Here’s
the heart of the big New York Times story on taxes:
Most
Americans in 2010 paid far less in total taxes — federal, state and local —
than they would have paid 30 years ago. According to an analysis by The New
York Times, the combination of all income taxes, sales taxes and property taxes
took a smaller share of their income than it took from households with the same
inflation-adjusted income in 1980.
Households
earning more than $200,000 benefited from the largest percentage declines in
total taxation as a share of income. Middle-income households benefited, too.
More than 85 percent of households with earnings above $25,000 paid less in
total taxes than comparable households in 1980.
Lower-income
households, however, saved little or nothing. Many pay no federal income taxes,
but they do pay a range of other levies, like federal payroll taxes, state
sales taxes and local property taxes. Only about half of taxpaying households
with incomes below $25,000 paid less in 2010.
1. Now some people, like Business Insider’s Henry Blodget and former White House economist Jared Bernstein,
thinks the data make the case for tax hikes. Maybe I’m crazy, but I think the
reduction in the tax burden — starting with the Reagan tax cuts — has been a
huge competitive advantage for the U.S. We should keep that edge. Check
out these numbers:
In 1981:
France’s per
capita GDP was 81% of U.S. per capita GDP.
Germany’s per
capita GDP was 83% of U.S. per capita GDP.
Italy’s per
capita GDP was 81% of U.S. per capita GDP.
Britain’s per
capita GDP was 69% of U.S. per capita GDP.
In 2010:
France’s per
capita GDP was 73% of U.S. per capita GDP (down 8 points).
Germany’s per
capita GDP was 81% of U.S. per capita GDP (down 2 points).
Italy’s per
capita GDP was 68% of U.S. per capita GDP (down 12 points).
Britain’s per
capita GDP was 76% of U.S. per capita GDP (up 7 points).
Old Europe rapidly caught up to American
wealth from 1960-1981. But in the two decades after that, the Great Closing
stopped or reversed as America got its policy house in order. Tax cuts. Deregulation. France, Germany, and Italy went backward v.
the much larger U.S. Britain, thanks to the Thatcher Revolution, eventually
shook off the 1970s.
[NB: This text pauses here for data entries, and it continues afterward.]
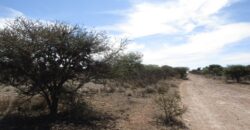 Terreno Campestre en Venta con 6.5 hectáreas en Guadalupe, en Ejido La Zacatecana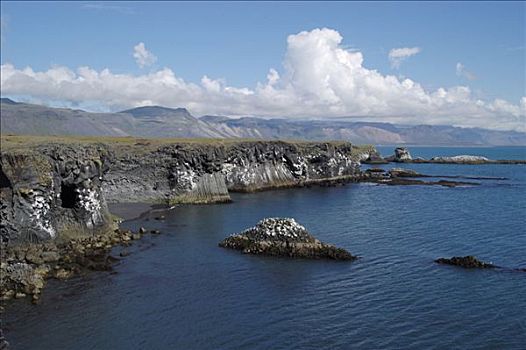 玄武岩,海岸,半岛,冰岛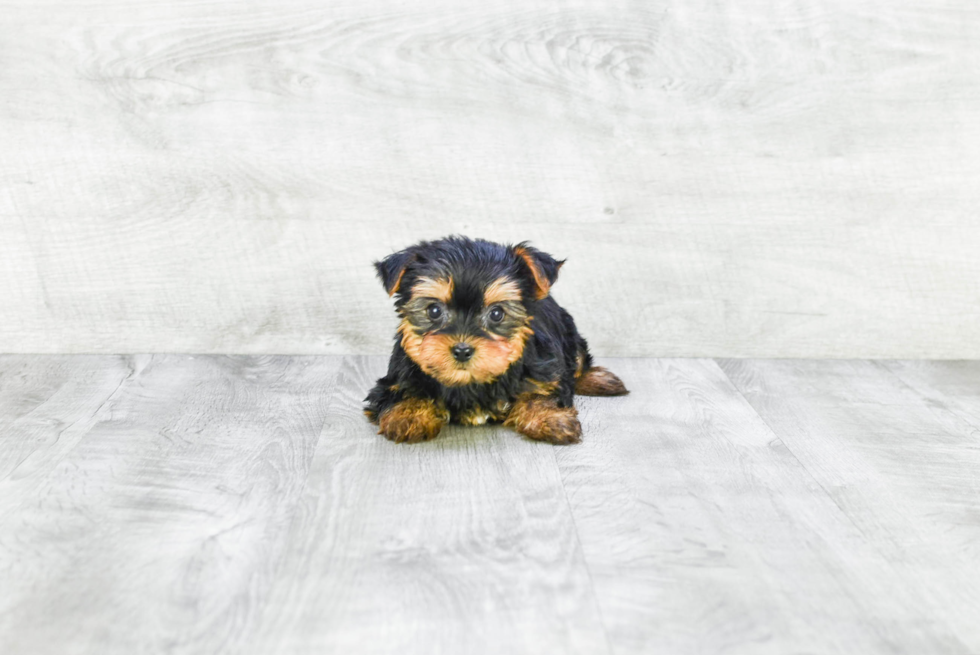 Meet Isabella - our Yorkshire Terrier Puppy Photo 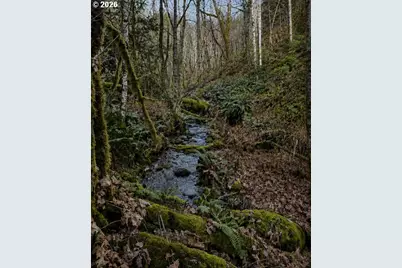 0000 NW Strassel Rd, Forest Grove, OR 97116 - Photo 5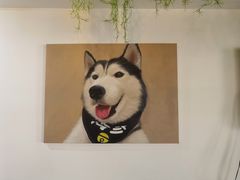 -Husky Go! 哈士奇体验馆·宠物咖啡厅狗咖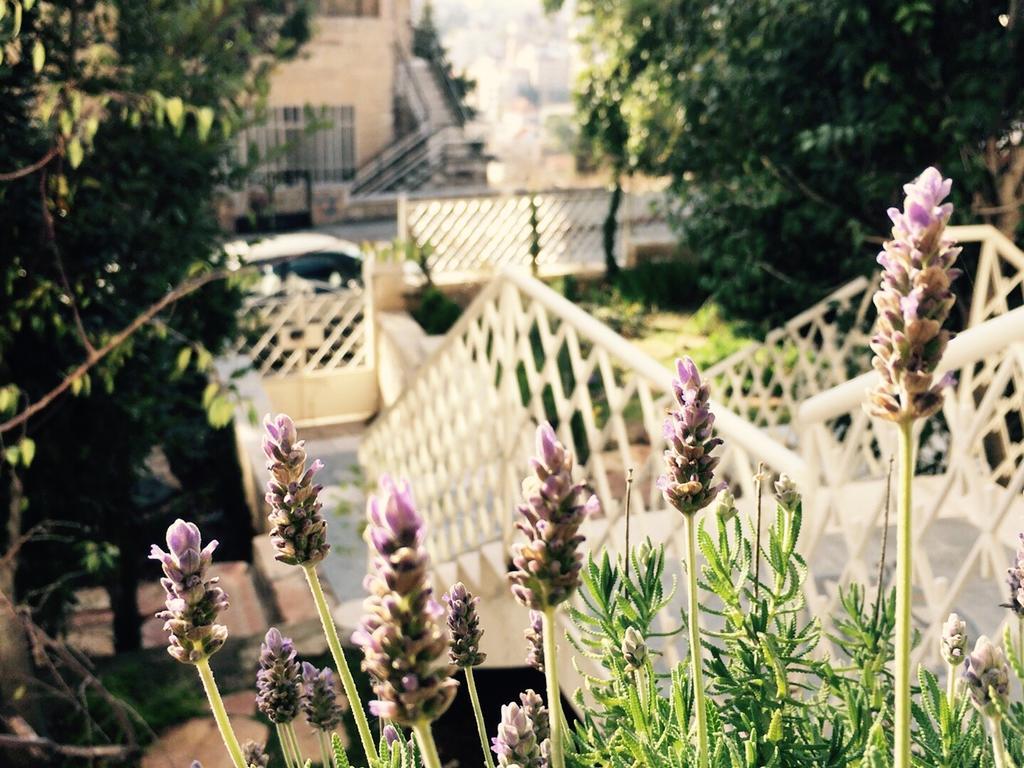 Lavender Boutique Hotel Ramallah Exterior foto
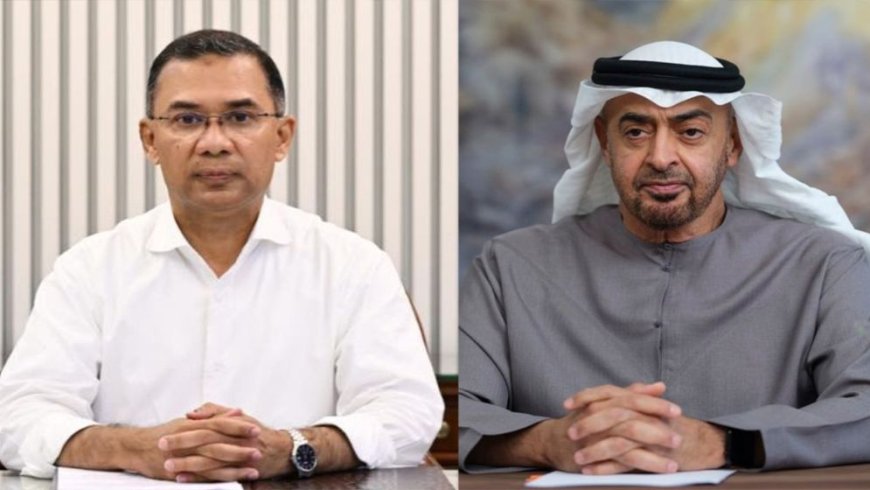 Prime Minister conveys a special message to the UAE President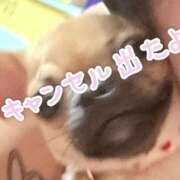 ヒメ日記 2025/08/21 10:21 投稿 のあ セレブクエスト-koshigaya-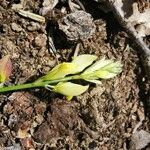 Polygala flavescens फूल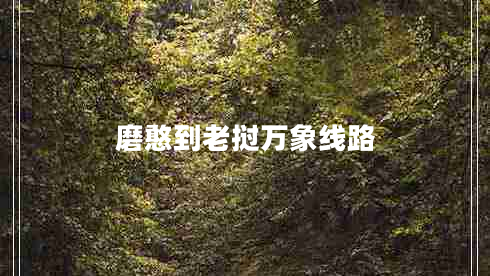 磨憨到老撾萬象線路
Anyway, rather giving away our tax advantage, we should
reform the tax code so that it is even more pro-growth and pro-family.
2. As the NYT put it, “Congress cut
federal taxation at every income level over the last 30 years.” But, liberals
keeping telling me that only the rich get tax cuts!
Anyway, here’s an
interesting statistic: Federal tax revenue as a share of GDP from 1954
through 1980 averaged 17.8%, while from 1981 through 2007, it averaged
18.1%.
Lower taxes, but more revenue. Hmmm….
3. The NYT does point out how payroll
taxes have risen, which especially affects middle-class households:
More evidence for the need to address tax relief to middle-income
families whether through an enlarged child credit that could be applied
to payroll taxes or reducing them on a per child basis.
4. Another bit: “Economists agree that taxes on business are passed
on to investors, reducing profits, and to workers, reducing wages.
Upper-income households bear the brunt of these taxes, and corporate tax
collections have fallen sharply.”
That is right. Taxes matter.
Funny, the NYT never mentioned this widely known economic fact when
Mitt Romney was attacked for saying “Corporations are people.”